Our hotel is the same one I stayed in in 2019. It’s nasty on the outside but more than adequate on the inside.
I test drove Corey’s sleeping pad on the floor last night. (It was my turn to go bedless.) It felt like a mattress despite being only about three inches thick. For four hours. My body subconsciously rebelled thereafter. This experience aside, Corey’s sleeping pad is much better than mine.
We ate a sumptuous motel breakfast. (That’s bike tour sarcasm, folks.) Afterwards, Mark and I drew up itineraries for the rest of the trip. They very nearly matched. Importantly we agreed we’d reach the finish line in Astoria, Oregon on Wednesday July 20. We expect to be met by the roar of a crowd. Actually Mark’s wife is meeting us there. I suspect she’ll emit a fierce yawn.
On the 21st, Corey and I are riding 100 miles to Portland unless we can convince Mark’s wife to rent a minivan with a roof rack (we have to give Corey someplace to sit). Another possibility is to take a bus. However, we regard such mundane motor transport as unmanly and undignified.
I managed to walk one mile yesterday and a mile and a half today without stenosis pain. I suspect weight loss is a factor. Then again modest abuse of painkillers may play a role as well.
We walked to lunch only to find the brew pub was a brewery with a woefully inadequate food truck. I mean an omelette from a truck seems gastronomically unwise, don’t you think? So we hit a supermarket deli on the way back instead.

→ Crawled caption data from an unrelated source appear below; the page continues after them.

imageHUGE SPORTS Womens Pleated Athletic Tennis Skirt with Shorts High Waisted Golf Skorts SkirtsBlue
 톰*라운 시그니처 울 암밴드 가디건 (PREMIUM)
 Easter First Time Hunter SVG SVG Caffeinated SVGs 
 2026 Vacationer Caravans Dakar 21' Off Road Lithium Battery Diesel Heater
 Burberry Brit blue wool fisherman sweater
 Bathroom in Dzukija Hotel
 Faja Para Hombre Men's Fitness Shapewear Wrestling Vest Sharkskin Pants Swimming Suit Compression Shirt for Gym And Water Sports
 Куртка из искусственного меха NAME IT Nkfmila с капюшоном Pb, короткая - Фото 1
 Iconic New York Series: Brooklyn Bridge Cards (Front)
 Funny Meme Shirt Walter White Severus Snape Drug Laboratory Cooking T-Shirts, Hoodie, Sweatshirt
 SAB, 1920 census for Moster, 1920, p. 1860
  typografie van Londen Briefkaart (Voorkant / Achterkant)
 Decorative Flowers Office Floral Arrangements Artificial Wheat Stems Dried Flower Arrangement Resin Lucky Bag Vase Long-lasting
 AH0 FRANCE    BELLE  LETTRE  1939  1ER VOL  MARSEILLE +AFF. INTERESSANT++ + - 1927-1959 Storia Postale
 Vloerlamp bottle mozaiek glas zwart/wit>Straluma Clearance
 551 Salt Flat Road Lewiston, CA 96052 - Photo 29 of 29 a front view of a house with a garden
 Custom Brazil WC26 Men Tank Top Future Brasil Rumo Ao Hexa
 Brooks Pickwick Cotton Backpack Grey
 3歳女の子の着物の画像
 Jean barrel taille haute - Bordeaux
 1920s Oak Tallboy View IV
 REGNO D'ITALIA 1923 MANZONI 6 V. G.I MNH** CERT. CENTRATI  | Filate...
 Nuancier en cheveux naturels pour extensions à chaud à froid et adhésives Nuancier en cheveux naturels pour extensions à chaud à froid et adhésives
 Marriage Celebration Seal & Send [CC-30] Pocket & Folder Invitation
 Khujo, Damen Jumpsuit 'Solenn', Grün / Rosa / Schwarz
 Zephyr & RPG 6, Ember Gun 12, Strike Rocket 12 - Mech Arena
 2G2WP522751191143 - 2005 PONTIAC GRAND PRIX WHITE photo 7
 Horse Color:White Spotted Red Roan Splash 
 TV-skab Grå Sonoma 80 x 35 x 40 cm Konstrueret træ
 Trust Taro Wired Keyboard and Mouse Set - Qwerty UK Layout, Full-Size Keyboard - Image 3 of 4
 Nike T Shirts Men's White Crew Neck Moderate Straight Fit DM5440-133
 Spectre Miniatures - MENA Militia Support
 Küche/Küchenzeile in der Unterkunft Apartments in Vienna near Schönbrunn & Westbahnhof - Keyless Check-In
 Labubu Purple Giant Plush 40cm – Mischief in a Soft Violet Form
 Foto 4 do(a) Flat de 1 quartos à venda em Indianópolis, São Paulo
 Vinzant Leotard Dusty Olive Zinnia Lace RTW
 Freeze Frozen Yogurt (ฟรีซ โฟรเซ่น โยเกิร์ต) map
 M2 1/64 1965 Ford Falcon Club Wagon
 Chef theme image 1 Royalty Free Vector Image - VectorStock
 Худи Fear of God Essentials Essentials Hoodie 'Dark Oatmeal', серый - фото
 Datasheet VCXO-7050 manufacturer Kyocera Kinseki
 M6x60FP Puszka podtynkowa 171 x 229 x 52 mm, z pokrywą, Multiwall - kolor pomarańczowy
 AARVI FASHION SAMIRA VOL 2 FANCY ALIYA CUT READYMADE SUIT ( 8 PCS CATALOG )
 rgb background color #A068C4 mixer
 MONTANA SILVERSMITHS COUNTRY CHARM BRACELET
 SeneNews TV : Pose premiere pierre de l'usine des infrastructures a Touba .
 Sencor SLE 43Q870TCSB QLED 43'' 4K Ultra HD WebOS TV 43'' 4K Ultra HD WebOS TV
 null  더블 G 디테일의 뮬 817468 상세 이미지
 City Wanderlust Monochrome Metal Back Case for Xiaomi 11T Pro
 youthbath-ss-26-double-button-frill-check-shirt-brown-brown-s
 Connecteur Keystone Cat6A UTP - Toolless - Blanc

I booked a flight home and am making arrangements to ship my bike. Corey will be taking Amtrak to Chicago. (2 days of stultifying boredom await.) He’ll have to box his bike at the station. It seems odd that Amtrak doesn’t have roll on service in one of the bikey-est cities in the country. (Corey spent all morning trying to make his reservation ultimately handing the task over to his wife Lynn who speaks fluent Choo Choo Train. Needless to say, Amtrak’s reservation software needs serious work.)
At midafternoon we are hunkered down watching Chris’s Netflix account in our room. Chris apparently stayed here recently and left his account active for all who follow. We are resisting the urge to watch objectionable programs so that Chris’s family doesn’t think he’s some sort of pervert. Then again we might get bored with Top Gear and resort to mischief.
Our chains are lubed, our tires are pumped. Tomorrow we ride over Lolo Pass and down the Lochsa River valley into Idaho. We hope to make the trip without rain or hail, because, on a 40 mph, downhill hail can ruin your whole day.